What was the original "medicine man's" formula?

The original tea was not called Essiac.  Mali Klein stated in THE ESSIAC BOOK:  "Essiac began in the early 1890s as a nameless eight-herb decoction, prepared by a Native American medicine man for an Englishwoman with breast cancer who had recently emigrated to northern Ontario in Canada."

Sheila Snow and Mali Klein stated in their book ESSIAC--The Secrets of Rene Caisse's Herbal Pharmacy:  "We have Rene's oral and written evidence that the original recipe contained eight herbs, with Periwinkle, Red Clover and Watercress in addition to the four Essiac herbs.  As far as we know, she left no written evidence as to the identity of the eighth herb."  Sheila Snow spent twenty-seven years of her life gathering information and assembling an important archive collection.  Sheila knew both Rene Caisse and Mary McPherson.  It appears that Rene Caisse did not even tell her trusted friend, Mary McPherson, what the eighth herb was.  Mali Klein suggests that the eighth herb may have been Goldthread.  [See THE ESSIAC BOOK by Mali Klein, Chapter Five & THE SECRETS OF RENE CAISSE'S HERBAL PHARMACY, pp. 58 -- 60] 

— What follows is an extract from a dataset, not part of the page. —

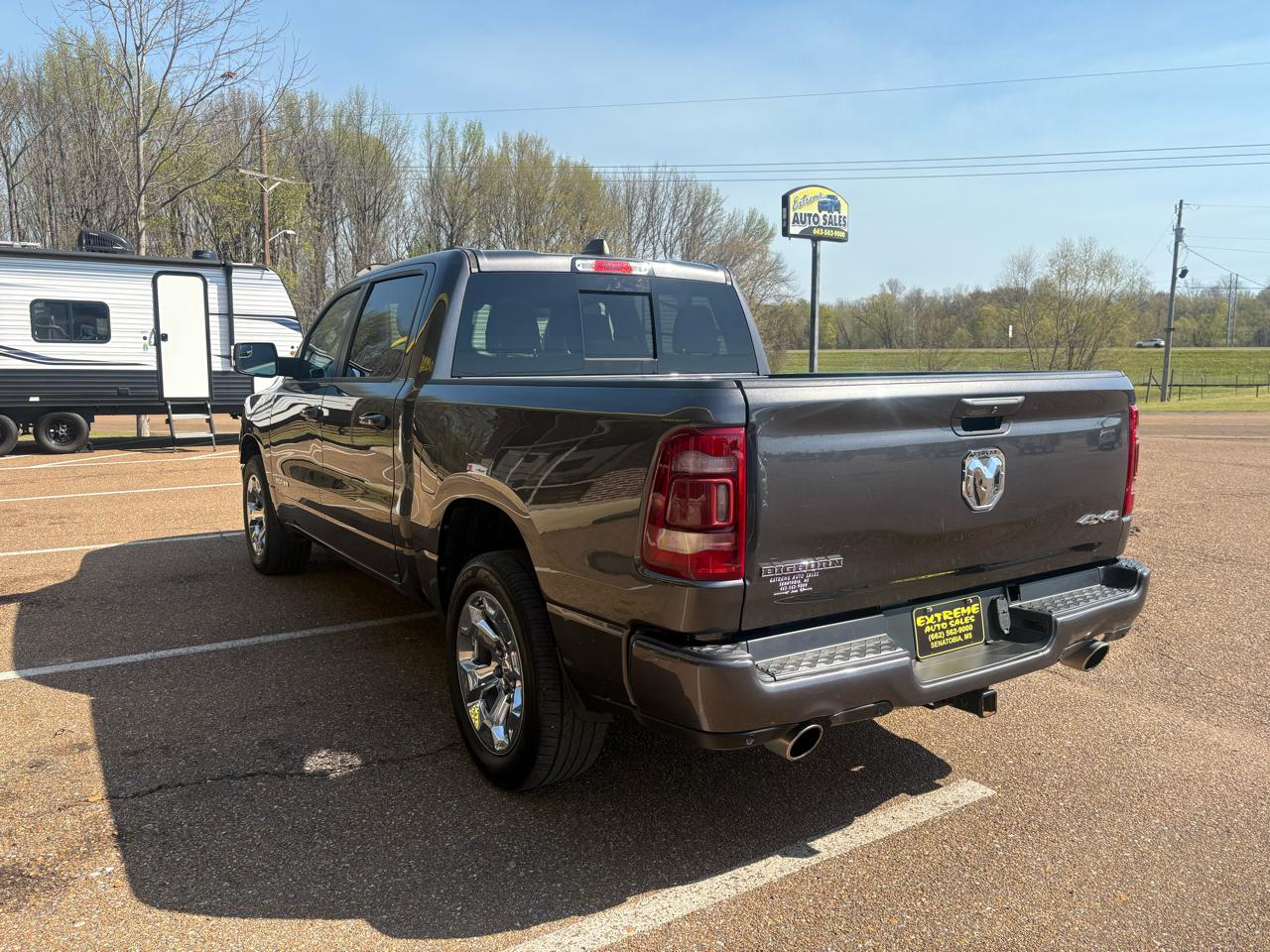 RAM 1500 Big Horn Crew Cab SWB 4WD 2022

However, Rene Caisse also used the following five indigenous herbs:  Bloodroot, Cleavers, Juniper, Prickly Ash, Bearberry (Knickknick).  Of these five herbs Bloodroot and Cleavers are also likely candidates for the eight herb of the original "medicine man's" formula due to their traditional use with cancer. 

"Bloodroot was traditionally used as part of a paste to treat forms of skin cancer.  Eli Jones believed bloodroot to be most useful in cancer of the rectum."  [HERBAL MEDICINE, HEALING & CANCER by Donald R. Yance, Jr., p. 129]  WARNING:  Bloodroot is a very powerful herb with undesirable side effects when taken internally and should not be used internally by anyone who is not very familiar with it.  An internal overdose can be lethal!  However, native Americans used bloodroot for facial paint so it is not a problem when applied in small amounts to the skin.  Bloodroot was used topically in Hoxsey cancer clinics but was used by experienced health care practitioners trained in its use.  Rene Caisse used "Sheep sorrel whole herb and Bloodroot in a combination decoction, as a topical remedy to treat hemorrhage."  [THE ESSIAC BOOK, p. 47]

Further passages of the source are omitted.